Why Deeper Learning? How?

I gravitated toward the first part of the book which centered on how does deeper learning look and sound or what teachers do and say that promotes deeper learning. One of the most important ideas that gets glossed over too easily when talking about transforming education is the fact that deeper learning for students demands and yearns for deeper learning for teachers. The DuFours elaborate on the need for PLCs (professional learning communities). The three most salient ideas that spoke to me here are:

  1.  A PLC’s collective inquiry begins with the question of WHY before ever addressing the issue of HOW– I wonder if we as teachers and learners spend enough time on WHY.
  2. The sine qua non of any PLC is using evidence of student learning to inform and improve practice (this connects with a phrase used earlier– no involvement, no commitment). Think about the amount of time you spend digging deeply and getting involved in student work.
  3. (From Riordan and colleagues later in the book) We expect teachers to model and foster 21st century skills, but teachers don’t work in a 21st century work environment. HMW include this important concept in our work of transforming teaching and learning?

I’ve read Costa and Kallick’s work before reading this book. Dispositions have always interested me as I have viewed developing them as some of the most important work we do as teachers. I appreciate the connection here in viewing dispositions as the pathway to deeper learning. Without reviewing all 16 dispositions here, I found myself being constantly reminded of the Mount Vernon Mindsets that we view as critical results of our program. Interestingly, while thinking about the dispositions, I found myself combining our Mindsets with our School Norms in my head. Two key things stuck out to me:

  1. Self-assessment is AS significant as the assessment from others.
  2. Deeper learners are expansive learners. Habits are built upon a consistent pattern of behaviors.

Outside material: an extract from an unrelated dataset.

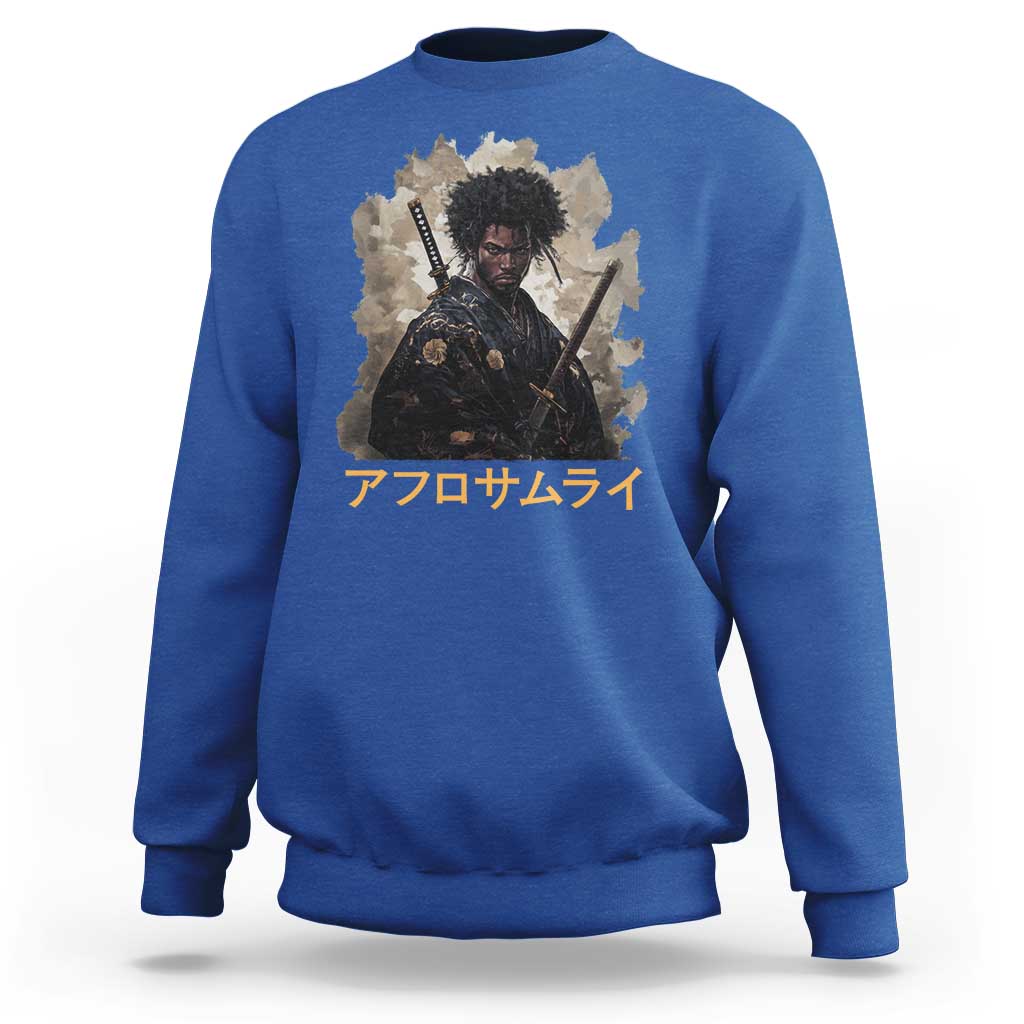 Afro Samurai Sweatshirt Black Pride Japanese Arts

Yong Zhao’s challenge to incorporate an entrepreneurial mindset into teaching and learning may seem provocative to some, but I appreciate the distinction, which he shares includes a mix of “success-oriented attitudes of initiative, intelligent risk-taking, collaboration, and opportunity recognition.” Upon second glance, what is so provocative about that? My favorite quote from this section and one on which I will continue to ponder:

“When students have a reason to learn, they will seek the basics, rather than have the basics imposed on them. If they are true basics, they are hard to avoid.” pg. 98

I loved the fact that many authors in later chapters placed the spotlight on assessment and the fact that deeper learning does not connect with our current focus in assessment. The idea of a continuum or spectrum of assessment was quite intriguing, and I look forward to concentrating a good amount of time in assessment work with teachers.

Bringing me back to my doctoral study days, I so loved reading the “next best thing” that Michael Fullan offers about change leadership. When discussing the vision we espouse, he asserts that this vision is not blueprinted but directional, due to the fact that details remain to be developed through deeper learning. Two ideas resonated: letting go to innovate and reining in to take stock. Boom! Combine this with Esparza’s description of successful change practice going through a continuum of implementation including preparing, envisioning, and enacting, and we as leaders have fodder to truly reflect on our plans in executing a transformational vision.

As usual, Mount Vernon’s summer+ learning takes me far beyond summer to continue to study and ponder on how we can improve teaching and learning for all learners.